Le Trésor sénégalais a réussi à mobiliser l’intégralité des 50 milliards FCFA (environ 88,6 millions de dollars) recherchés lors de son adjudication du 10 mars sur le marché financier régional de l’Union monétaire ouest-africaine (UMOA). Toutefois, la levée de fonds s’est effectuée exclusivement sur des bons du Trésor à 364 jours, les investisseurs ayant refusé de souscrire aux obligations de maturité plus longue.
Les deux tranches obligataires proposées — une OAT à 3 ans à 6,30 % et une OAT à 5 ans à 6,45 % — ont en effet été rejetées en totalité, faute de trouver preneur aux conditions fixées par Dakar. Ce résultat reflète la réticence des investisseurs à s’engager sur des maturités plus longues dans le contexte actuel.
Une échéance majeure sur les eurobonds
Cette opération intervient à quelques jours d’une échéance importante pour les finances publiques sénégalaises. Le 13 mars, le pays doit honorer 333,3 millions d’euros au titre d’euro-obligations émises en mars 2018, soit environ 485 millions de dollars en principal et intérêts.
Depuis le début de l’année, le Trésor a déjà mobilisé plus de 700 milliards FCFA sur le marché régional afin de sécuriser ce remboursement. L’opération du 10 mars constitue l’une des dernières étapes de ce processus.
Sur cette adjudication, le taux marginal du bon du Trésor à 364 jours s’est établi à 6,75 %, en baisse par rapport au taux de 6,98 % observé lors de l’intervention précédente du 27 février. Cette évolution traduit une légère détente sur le segment court du marché.
Une anomalie sur la courbe des taux
La situation révèle néanmoins une anomalie persistante sur la courbe des taux. Les investisseurs exigent actuellement un rendement plus élevé pour les titres à 364 jours que celui proposé par le gouvernement pour les obligations à 3 et 5 ans.
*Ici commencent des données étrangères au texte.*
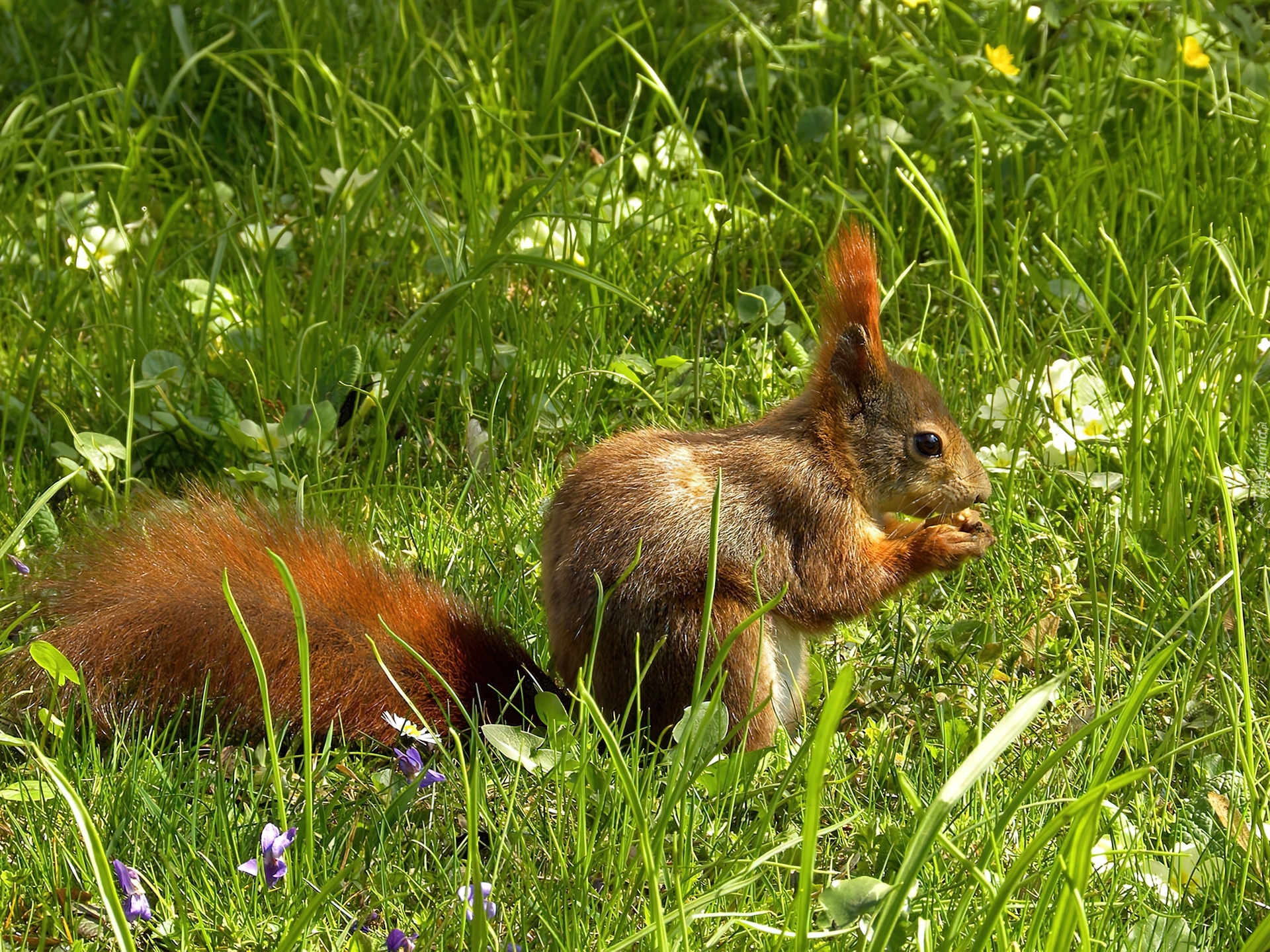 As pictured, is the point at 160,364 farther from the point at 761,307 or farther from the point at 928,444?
the point at 928,444

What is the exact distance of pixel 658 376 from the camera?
2623mm

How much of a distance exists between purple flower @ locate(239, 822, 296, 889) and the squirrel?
281 millimetres

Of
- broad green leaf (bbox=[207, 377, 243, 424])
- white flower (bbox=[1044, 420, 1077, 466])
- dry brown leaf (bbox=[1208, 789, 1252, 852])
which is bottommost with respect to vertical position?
dry brown leaf (bbox=[1208, 789, 1252, 852])

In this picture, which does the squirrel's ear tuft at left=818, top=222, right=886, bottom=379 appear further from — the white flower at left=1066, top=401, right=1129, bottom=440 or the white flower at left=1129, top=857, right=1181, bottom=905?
the white flower at left=1129, top=857, right=1181, bottom=905

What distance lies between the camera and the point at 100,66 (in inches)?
140

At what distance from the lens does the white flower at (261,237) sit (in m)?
2.79

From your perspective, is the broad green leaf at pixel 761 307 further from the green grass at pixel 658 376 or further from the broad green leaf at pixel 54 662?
the broad green leaf at pixel 54 662

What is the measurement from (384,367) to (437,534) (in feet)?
1.66

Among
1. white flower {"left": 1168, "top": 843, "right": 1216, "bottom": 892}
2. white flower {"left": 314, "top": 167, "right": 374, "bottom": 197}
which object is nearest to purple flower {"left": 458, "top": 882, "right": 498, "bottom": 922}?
white flower {"left": 1168, "top": 843, "right": 1216, "bottom": 892}

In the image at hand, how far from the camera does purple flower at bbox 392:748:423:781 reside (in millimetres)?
1644

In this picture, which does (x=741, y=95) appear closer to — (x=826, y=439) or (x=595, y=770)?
(x=826, y=439)

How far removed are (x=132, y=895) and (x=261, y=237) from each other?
2.05 meters

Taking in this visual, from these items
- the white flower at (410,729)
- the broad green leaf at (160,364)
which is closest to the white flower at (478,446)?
the broad green leaf at (160,364)

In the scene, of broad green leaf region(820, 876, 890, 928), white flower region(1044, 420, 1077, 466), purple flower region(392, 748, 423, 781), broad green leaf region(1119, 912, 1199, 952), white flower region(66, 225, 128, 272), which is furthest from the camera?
white flower region(66, 225, 128, 272) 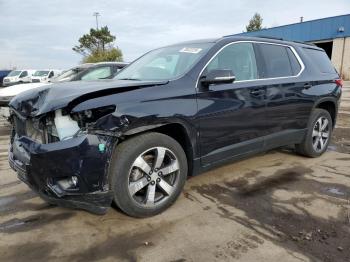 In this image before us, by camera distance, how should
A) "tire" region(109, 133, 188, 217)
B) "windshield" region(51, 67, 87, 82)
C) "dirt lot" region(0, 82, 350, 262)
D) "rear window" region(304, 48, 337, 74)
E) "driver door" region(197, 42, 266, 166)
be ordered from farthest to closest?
"windshield" region(51, 67, 87, 82) → "rear window" region(304, 48, 337, 74) → "driver door" region(197, 42, 266, 166) → "tire" region(109, 133, 188, 217) → "dirt lot" region(0, 82, 350, 262)

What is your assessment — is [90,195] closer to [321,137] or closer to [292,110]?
[292,110]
Dans ces conditions, les acteurs du marché préfèrent se positionner sur le court terme plutôt que d’immobiliser leurs capitaux sur des horizons plus longs.
Cette prudence s’inscrit dans un contexte de tensions sur les finances publiques sénégalaises.
Un contexte budgétaire sous pression
Selon le Fonds monétaire international (FMI), la dette du secteur public sénégalais atteignait 132 % du PIB à la fin de l’année 2024. Le programme de financement de 1,8 milliard de dollars du FMI a été suspendu après la découverte d’engagements budgétaires non déclarés sous l’administration précédente.
Un audit réalisé par la Cour des comptes du Sénégal a par ailleurs révélé que le déficit budgétaire réel avait été sous-estimé de jusqu’à sept points de PIB par an, portant le ratio d’endettement à près de 100 % du PIB fin 2023, contre 74 % initialement annoncés.
Une dépendance accrue au marché régional
Dans ce contexte, l’État sénégalais s’appuie fortement sur le marché financier régional pour couvrir ses besoins de financement. En 2025, environ 75 % des besoins de financement de l’État ont été couverts par ce marché, soit près de 4 000 milliards FCFA mobilisés.
Cette dépendance au financement à court terme accentue toutefois les risques de refinancement. Entre 2026 et 2028, le Sénégal devra mobiliser près de 14 870 milliards FCFA pour faire face au service de sa dette.
Le gouvernement du président Bassirou Diomaye Faye maintient néanmoins l’objectif d’un retour progressif aux équilibres budgétaires. Le déficit public devrait ainsi être ramené de 13,4 % du PIB en 2024 à 7,8 % en 2025, avec une cible de 5,37 % en 2026 et 3 % en 2027.
Cependant, en l’absence d’un nouveau programme d’appui du FMI, les investisseurs continuent de privilégier le court terme et demeurent prudents face aux émissions obligataires de plus longue maturité.